O Senhor se incumbiria de julgar e repreender um crente em pecado ainda nesta. Além disso, aquele que a assembleia julgasse culpado de pecado e colocasse fora da comunhão à mesa do Senhor estaria vulnerável ao juízo de Deus nesta vida, por já não estar no círculo de comunhão dos irmãos. “Os de fora, porém, Deus os julgará. Expulsai, pois, de entre vós o malfeitor” (1 Coríntios 5:13).

É aqui que voltamos ao ponto que você levantou de Hebreus 13:4, onde diz que “Deus julgará os impuros e adúlteros”. Obviamente não quer dizer que a assembleia deva fazer vista grossa para o pecado em seu meio, porque temos instruções claras de como tratar em juízo com o que pecou. Também não quer dizer que este julgamento efetuado por Deus seja o julgamento dos ímpios para a condenação eterna, como vemos em Apocalipse. Ainda que um salvo por Cristo cometa um adultério, ele jamais voltará à condição de perdido, pois recebeu a salvação por graça e sem merecimento, um presente ou dom de Deus, e “os dons e a vocação de Deus são sem arrependimento” (Romanos 11:29), isto é, irreversíveis.

Portanto essa expressão “Deus os julgará” tem a ver com o julgamento governamental ou administrativo de Deus nesta vida. No momento em que um crente é colocado fora da comunhão por pecado ele passa para o terreno comum do julgamento divino que recai sobre todos os homens nesta vida. É disto que o apóstolo Paulo fala em Gálatas 6:7: “Não erreis: Deus não se deixa escarnecer; porque tudo o que o homem semear, isso também ceifará”. Alguém que tenha caído em adultério, mesmo sendo um crente genuíno no Senhor, irá colher as consequências de seu pecado.

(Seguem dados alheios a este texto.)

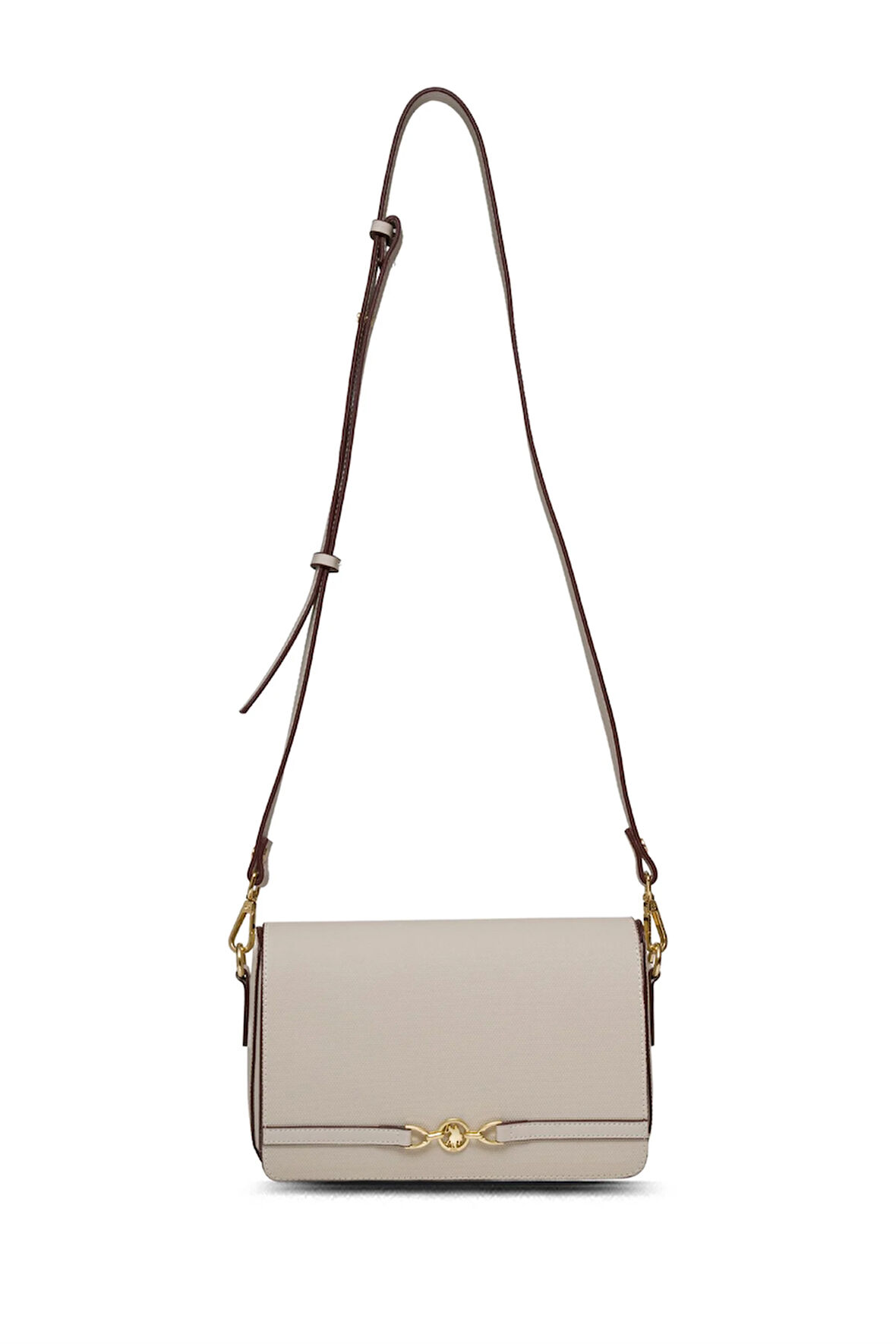U.S. Polo Assn. US25235 Kadın Çapraz Çanta Taş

Eventualmente seu cônjuge poderá requerer o divórcio (embora o perdão seja a forma cristã de proceder), a pessoa com quem adulterou poderá exigir alguma coisa ou importunar o adúltero ou adúltera, se o casal tem filhos estes serão envolvidos na ruína do lar, o que adulterou pode precisar passar o resto da vida com a saúde arruinada por uma doença venérea etc. São muitos os juízos nesta vida que podem cair sobre o cristão que peca, mesmo sabendo que ao confessar seu pecado ele tem garantido de Deus o perdão.